## Exercise brief
From the first line to the last, give the data again exactly.

=== Excerpted records ===

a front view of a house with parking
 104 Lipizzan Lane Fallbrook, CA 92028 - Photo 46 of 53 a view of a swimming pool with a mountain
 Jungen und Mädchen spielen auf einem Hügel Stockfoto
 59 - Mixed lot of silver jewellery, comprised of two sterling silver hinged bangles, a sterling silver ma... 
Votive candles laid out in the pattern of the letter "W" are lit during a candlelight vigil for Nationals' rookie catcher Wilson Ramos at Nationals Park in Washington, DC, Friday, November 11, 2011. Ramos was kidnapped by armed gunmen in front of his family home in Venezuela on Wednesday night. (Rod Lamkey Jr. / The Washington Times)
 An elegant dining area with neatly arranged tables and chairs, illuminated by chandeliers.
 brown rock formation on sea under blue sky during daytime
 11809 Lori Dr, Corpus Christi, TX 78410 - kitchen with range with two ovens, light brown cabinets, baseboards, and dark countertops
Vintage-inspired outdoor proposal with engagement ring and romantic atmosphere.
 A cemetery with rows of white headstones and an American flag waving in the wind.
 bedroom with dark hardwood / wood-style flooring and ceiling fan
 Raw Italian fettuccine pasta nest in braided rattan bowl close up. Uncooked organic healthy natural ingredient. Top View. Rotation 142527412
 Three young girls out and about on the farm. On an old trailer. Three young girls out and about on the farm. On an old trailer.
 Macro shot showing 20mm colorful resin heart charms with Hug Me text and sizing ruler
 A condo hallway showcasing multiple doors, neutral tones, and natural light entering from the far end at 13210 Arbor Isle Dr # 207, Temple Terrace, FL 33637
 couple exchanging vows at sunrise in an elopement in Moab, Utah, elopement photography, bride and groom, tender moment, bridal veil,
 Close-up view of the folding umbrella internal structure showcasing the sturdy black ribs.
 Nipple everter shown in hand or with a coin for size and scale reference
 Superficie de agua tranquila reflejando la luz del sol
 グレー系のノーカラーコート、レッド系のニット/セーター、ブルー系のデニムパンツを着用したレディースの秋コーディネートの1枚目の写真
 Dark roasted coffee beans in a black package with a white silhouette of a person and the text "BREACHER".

===

## Answer box
a front view of a house with parking
 104 Lipizzan Lane Fallbrook, CA 92028 - Photo 46 of 53 a view of a swimming pool with a mountain
 Jungen und Mädchen spielen auf einem Hügel Stockfoto
 59 - Mixed lot of silver jewellery, comprised of two sterling silver hinged bangles, a sterling silver ma... 
Votive candles laid out in the pattern of the letter "W" are lit during a candlelight vigil for Nationals' rookie catcher Wilson Ramos at Nationals Park in Washington, DC, Friday, November 11, 2011. Ramos was kidnapped by armed gunmen in front of his family home in Venezuela on Wednesday night. (Rod Lamkey Jr. / The Washington Times)
 An elegant dining area with neatly arranged tables and chairs, illuminated by chandeliers.
 brown rock formation on sea under blue sky during daytime
 11809 Lori Dr, Corpus Christi, TX 78410 - kitchen with range with two ovens, light brown cabinets, baseboards, and dark countertops
Vintage-inspired outdoor proposal with engagement ring and romantic atmosphere.
 A cemetery with rows of white headstones and an American flag waving in the wind.
 bedroom with dark hardwood / wood-style flooring and ceiling fan
 Raw Italian fettuccine pasta nest in braided rattan bowl close up. Uncooked organic healthy natural ingredient. Top View. Rotation 142527412
 Three young girls out and about on the farm. On an old trailer. Three young girls out and about on the farm. On an old trailer.
 Macro shot showing 20mm colorful resin heart charms with Hug Me text and sizing ruler
 A condo hallway showcasing multiple doors, neutral tones, and natural light entering from the far end at 13210 Arbor Isle Dr # 207, Temple Terrace, FL 33637
 couple exchanging vows at sunrise in an elopement in Moab, Utah, elopement photography, bride and groom, tender moment, bridal veil,
 Close-up view of the folding umbrella internal structure showcasing the sturdy black ribs.
 Nipple everter shown in hand or with a coin for size and scale reference
 Superficie de agua tranquila reflejando la luz del sol
 グレー系のノーカラーコート、レッド系のニット/セーター、ブルー系のデニムパンツを着用したレディースの秋コーディネートの1枚目の写真
 Dark roasted coffee beans in a black package with a white silhouette of a person and the text "BREACHER".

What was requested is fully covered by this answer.